Le standard TCP/IP définit plus de 65000 ports pour l'envoi et la réception du trafic. Parmi ceux-ci, Bugzilla n'a besoin que d'un seul pour fonctionner (différentes configurations et options peuvent en nécessiter jusqu'à trois). Vous devez faire un audit sur votre serveur et vous assurez que vous n'êtes pas en train d'écouter des ports dont vous n'avez pas besoin. Il est aussi fortement recommandé que le serveur sur lequel se trouve Bugzilla, de même que toute autre machine que vous administrez, soient placés derrière un pare-feu.

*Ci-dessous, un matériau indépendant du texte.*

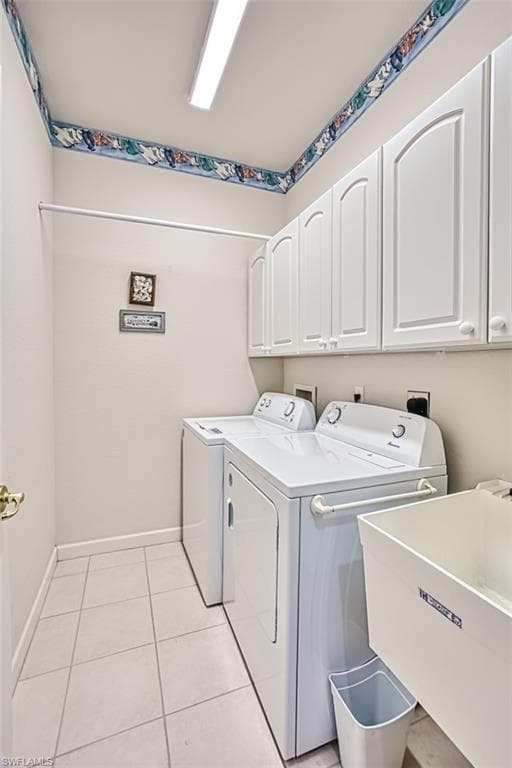 Laundry area with light tile patterned floors, cabinet space, and washing machine and clothes dryer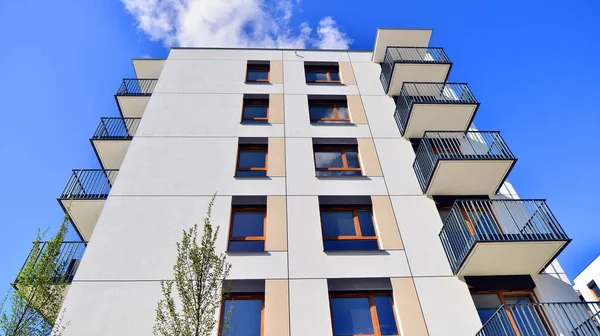 New modern block of flat, condo architecture. Residential apartment flat, luxury house complex. City real estate property.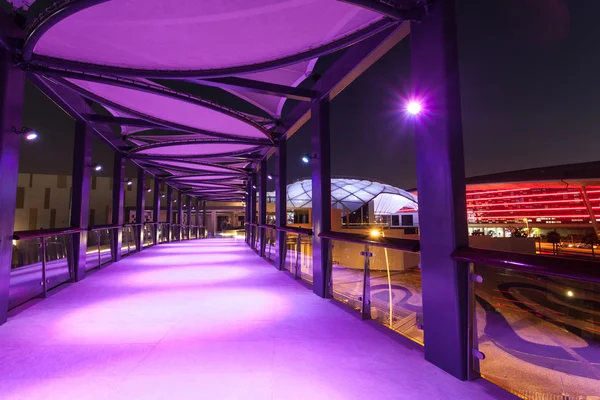 ABU DHABI - DEC 19: Ferrari World Theme Park entrance interior at night. December 19, 2014 in Abu Dhabi, United Arab Emirates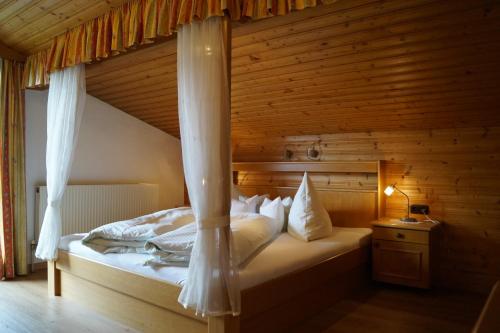 a bedroom with a bed with a canopy at Schusterhof in Innsbruck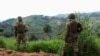 FILE - Members of the Democratic Republic of the Congo's army stand guard against the M23 rebel group in Lubero, North Kivu province, on Oct. 27, 2024. Officials said on Jan. 21, 2025, that M23 rebels recently have captured several key towns in South and North Kivu provinces.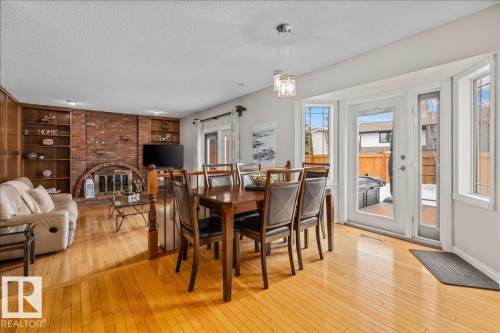 19 Lincoln Crescent, St. Albert, AB - Indoor Photo Showing Dining Room With Fireplace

4.1.2. Comptes utilisateur système

Beaucoup de démons, tels que httpd d'Apache ou mysqld de MySQL fonctionnent en tant que « root » ou « nobody ». C'est encore pire sur les machines Windows où la majorité des services focntionne en tant que « SYSTEM ». L'exécution en « root » ou « SYSTEM » introduit des inquiétudes évidentes quant à la sécurité, les problèmes introduits par l'exécution de tout en tant que « nobody » peuvent ne pas être si évidents. Grossièrement, si vous exécutez tous les démons en tant que « nobody » et que l'un d'entre eux est compromis, il peut compromettre tout autre démon exécuté en tant que « nobody » sur votre machine. Pour cette raison, il est recommandé de créer un compte utilisateur par démon.

Note

Vous aurez besoin de définir l'option webservergroup dans le fichier localconfig pour le groupe avec lequel votre serveur Web s'exécute. Cela permettra au script ./checksetup.pl de définir les permissions de fichiers sur les systèmes Unix de sorte que rien ne soit accessible en écriture pour tout le monde.

4.1.3. La prison chroot

Si votre système le gère, vous devriez considérer de faire fonctionner Bugzilla dans une prison chroot. Cette option fournit une sécurité sans précédent en empêchant tout ce qui s'exécute à l'intérieur de la prison d'accéder à toute information en dehors de celle-ci. Si vous souhaitez utiliser cette option, veuillez consulter la documentation livrée avec votre système.